This is the official code and supplementary materials for our AAAI-2024 paper: MASTER: Market-Guided Stock Transformer for Stock Price Forecasting. [Paper] [ArXiv preprint]
MASTER is a stock transformer for stock price forecasting, which models the momentary and cross-time stock correlation and guides feature selection with market information.
Our original experiments were conducted in a complex business codebase developed based on Qlib. The original code is confidential and exhaustive. In order to enable anyone to quickly use MASTER and reproduce the paper's results, here we publish our well-processed data and core code.
- Install dependencies.
- pandas == 1.5.3
- torch == 1.11.0
- Install Qlib. We have minimized the reliance on Qlib, and you can simply install it by
pip install pyqlib
(Pip installation only supports python 3.7 and 3.8, please refer to its Readme.md.)- pylib == 0.9.1.99
- Download data from one of the following links (the data files are the same) and unpack it into
data/
-
Run main.py.
-
We provide two trained models:
model/csi300master_0.pkl, model/csi800master_0.pkl
The downloaded data is split into training, validation, and test sets, with two stock universes. Note the csi300 data is a subset of the csi800 data. You can use the following code to investigate the datetime, instrument, and feature formulation.
with open(f'data/csi300/csi300_dl_train.pkl', 'rb') as f:
dl_train = pickle.load(f)
dl_train.data # a Pandas dataframe
In our code, the data will be gathered chronically and then grouped by prediction dates. the data
iterated by the data loader is of shape (N, T, F), where:
- N - number of stocks. For CSI300, N is around 300 on each prediction date; For CSI800, N is around 800 on each prediction date.
- T - length of lookback_window, T=8.
- F - 222 in total, including 158 factors, 63 market information, and 1 label.
For convenient reference, we extract and organize market information from the published data into data/csi_market_information.csv
.
You can check the datetime and feature formulation in the file. Note that m is shared by all stocks.
The market data is generated by the following pseudo-code.
m = []
for S in csi300, csi500, csi800:
m += [market_index(S,-1)]
for d in [5, 10, 20, 30, 60]:
m += [historical_market_index_mean(S, d), historical_market_index_std(S, d)]
m += [historical_amount_mean(S, d), historical_amount_std(S, d)]
🔥[Update Detailed Description] The published data went through the following necessary preprocessing.
-
For features, we first perform RobustZScoreNorm, which computes median and MAD for each feature of all stocks in the training timespan for normalization. It then clips outliers as -3 and 3. When processing the test data, the median and MAD for each feature are estimated by (or borrowed from) the training data, so that we have no data leakage.

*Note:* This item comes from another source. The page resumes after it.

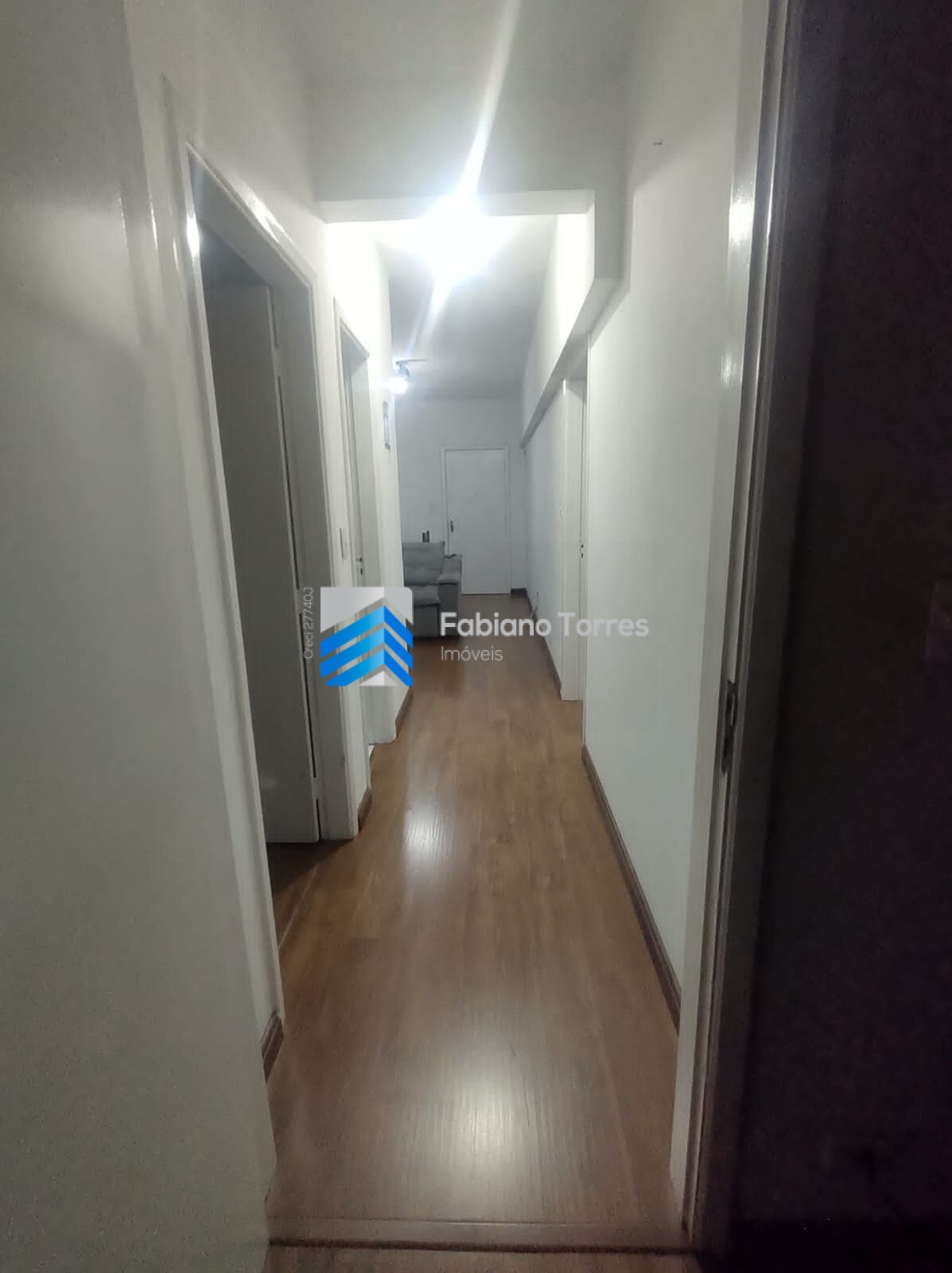 Apartamento à venda com 2 quartos, 54m² - Foto 10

We then use Fillna to fill the NA features as default value 0.
-
For labels, we first drop NA labels and 5% of the most extreme labels. Then, we perform CSZscoreNorm on labels. CSZcoreNorm is a common practice in Qlib to standardize the labels for stock price forecasting. Here 'CS' stands for Cross-Sectional, which means we group the labels on each date and compute mean/std across stocks for normalization. To mitigate the difference between a normal distribution and groundtruth distribution, we filtered out 5% of most extreme labels in training. Note that the reported RankIC compares the output ranking with the groundtruth, whose value is not affected by the label normalization.

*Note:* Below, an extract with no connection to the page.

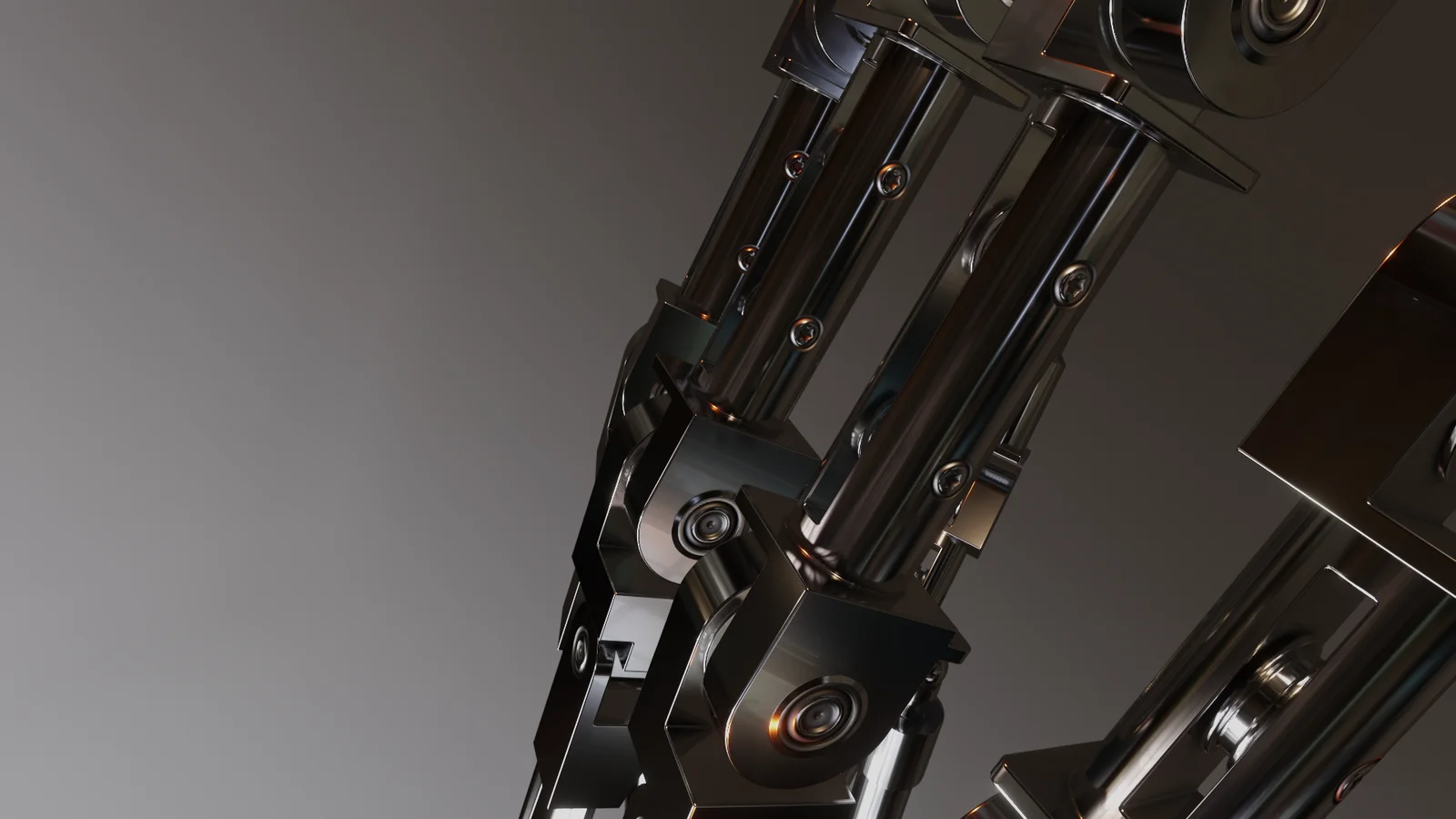 DECALmachine Essentials Pack 01 screenshot 4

We are happy to hear that MASTER has been integrated into the open-sourced Qlib framework at this repo. We thank LIU, Qiaoan and ZHAO, Lifan for their contributions and please also give credits to the new repo if you use it.
As a brief introduction to the new version, with the Qlib framework, you can
- report AR, IR, and more portfolio-based metrics,
- modify experiment configuration with .yaml files,
- compare with various models from the Qlib examples collection,
- benefit from other merits of Qlib.
In the meantime, please note that
- The new version utilizes a different data source published by Qlib, which covers a different timespan. The new data source is considered logically equal to our published data but may differ in values.
- The new version uses stock universe CSI300 & CSI500, because qlib does not include a CSI800 dataset. Correspondingly, the representative indices to construct market information are different, it uses CSI100, CSI300, and CSI500, which is different from CSI300, CSI500, and CSI800 as in this repo.
- The new version does not include the 'DropExtremeLabel' operation in data preprocessing but also reports decent performance.
If you use the data or the code, please cite our work! 😄
@inproceedings{li2024master,
title={Master: Market-guided stock transformer for stock price forecasting},
author={Li, Tong and Liu, Zhaoyang and Shen, Yanyan and Wang, Xue and Chen, Haokun and Huang, Sen},
booktitle={Proceedings of the AAAI Conference on Artificial Intelligence},
volume={38},
number={1},
pages={162--170},
year={2024}
}